Quote every line of the material beneath this one.

**Listed records**.

* * * * * * * * *

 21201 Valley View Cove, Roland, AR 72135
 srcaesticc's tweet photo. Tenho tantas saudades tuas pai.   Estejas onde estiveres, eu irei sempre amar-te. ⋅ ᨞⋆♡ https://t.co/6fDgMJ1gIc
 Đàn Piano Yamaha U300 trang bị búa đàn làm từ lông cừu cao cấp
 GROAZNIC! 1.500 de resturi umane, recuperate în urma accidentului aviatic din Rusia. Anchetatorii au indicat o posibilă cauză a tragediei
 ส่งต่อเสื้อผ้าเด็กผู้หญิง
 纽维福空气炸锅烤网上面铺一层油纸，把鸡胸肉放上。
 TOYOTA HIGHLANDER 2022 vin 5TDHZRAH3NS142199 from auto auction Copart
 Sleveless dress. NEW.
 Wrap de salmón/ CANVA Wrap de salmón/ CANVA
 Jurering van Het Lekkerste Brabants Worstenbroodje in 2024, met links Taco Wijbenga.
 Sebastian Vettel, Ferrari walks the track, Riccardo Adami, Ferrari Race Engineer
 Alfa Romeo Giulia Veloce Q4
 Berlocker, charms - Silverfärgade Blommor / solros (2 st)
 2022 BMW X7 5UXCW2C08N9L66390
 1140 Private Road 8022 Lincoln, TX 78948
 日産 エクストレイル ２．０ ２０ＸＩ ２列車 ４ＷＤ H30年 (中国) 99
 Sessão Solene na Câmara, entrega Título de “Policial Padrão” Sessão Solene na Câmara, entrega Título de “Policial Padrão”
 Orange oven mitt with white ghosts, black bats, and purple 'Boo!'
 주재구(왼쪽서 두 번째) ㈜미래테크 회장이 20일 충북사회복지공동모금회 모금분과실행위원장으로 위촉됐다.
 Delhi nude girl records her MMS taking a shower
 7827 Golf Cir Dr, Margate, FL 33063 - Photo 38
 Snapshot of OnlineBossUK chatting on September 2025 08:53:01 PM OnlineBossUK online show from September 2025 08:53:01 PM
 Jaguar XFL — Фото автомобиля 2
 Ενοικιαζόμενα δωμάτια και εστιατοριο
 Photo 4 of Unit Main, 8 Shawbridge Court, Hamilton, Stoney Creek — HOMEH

* * * * * * * * *

**Completed exercise**.
 21201 Valley View Cove, Roland, AR 72135
 srcaesticc's tweet photo. Tenho tantas saudades tuas pai.   Estejas onde estiveres, eu irei sempre amar-te. ⋅ ᨞⋆♡ https://t.co/6fDgMJ1gIc
 Đàn Piano Yamaha U300 trang bị búa đàn làm từ lông cừu cao cấp
 GROAZNIC! 1.500 de resturi umane, recuperate în urma accidentului aviatic din Rusia. Anchetatorii au indicat o posibilă cauză a tragediei
 ส่งต่อเสื้อผ้าเด็กผู้หญิง
 纽维福空气炸锅烤网上面铺一层油纸，把鸡胸肉放上。
 TOYOTA HIGHLANDER 2022 vin 5TDHZRAH3NS142199 from auto auction Copart
 Sleveless dress. NEW.
 Wrap de salmón/ CANVA Wrap de salmón/ CANVA
 Jurering van Het Lekkerste Brabants Worstenbroodje in 2024, met links Taco Wijbenga.
 Sebastian Vettel, Ferrari walks the track, Riccardo Adami, Ferrari Race Engineer
 Alfa Romeo Giulia Veloce Q4
 Berlocker, charms - Silverfärgade Blommor / solros (2 st)
 2022 BMW X7 5UXCW2C08N9L66390
 1140 Private Road 8022 Lincoln, TX 78948
 日産 エクストレイル ２．０ ２０ＸＩ ２列車 ４ＷＤ H30年 (中国) 99
 Sessão Solene na Câmara, entrega Título de “Policial Padrão” Sessão Solene na Câmara, entrega Título de “Policial Padrão”
 Orange oven mitt with white ghosts, black bats, and purple 'Boo!'
 주재구(왼쪽서 두 번째) ㈜미래테크 회장이 20일 충북사회복지공동모금회 모금분과실행위원장으로 위촉됐다.
 Delhi nude girl records her MMS taking a shower
 7827 Golf Cir Dr, Margate, FL 33063 - Photo 38
 Snapshot of OnlineBossUK chatting on September 2025 08:53:01 PM OnlineBossUK online show from September 2025 08:53:01 PM
 Jaguar XFL — Фото автомобиля 2
 Ενοικιαζόμενα δωμάτια και εστιατοριο
 Photo 4 of Unit Main, 8 Shawbridge Court, Hamilton, Stoney Creek — HOMEH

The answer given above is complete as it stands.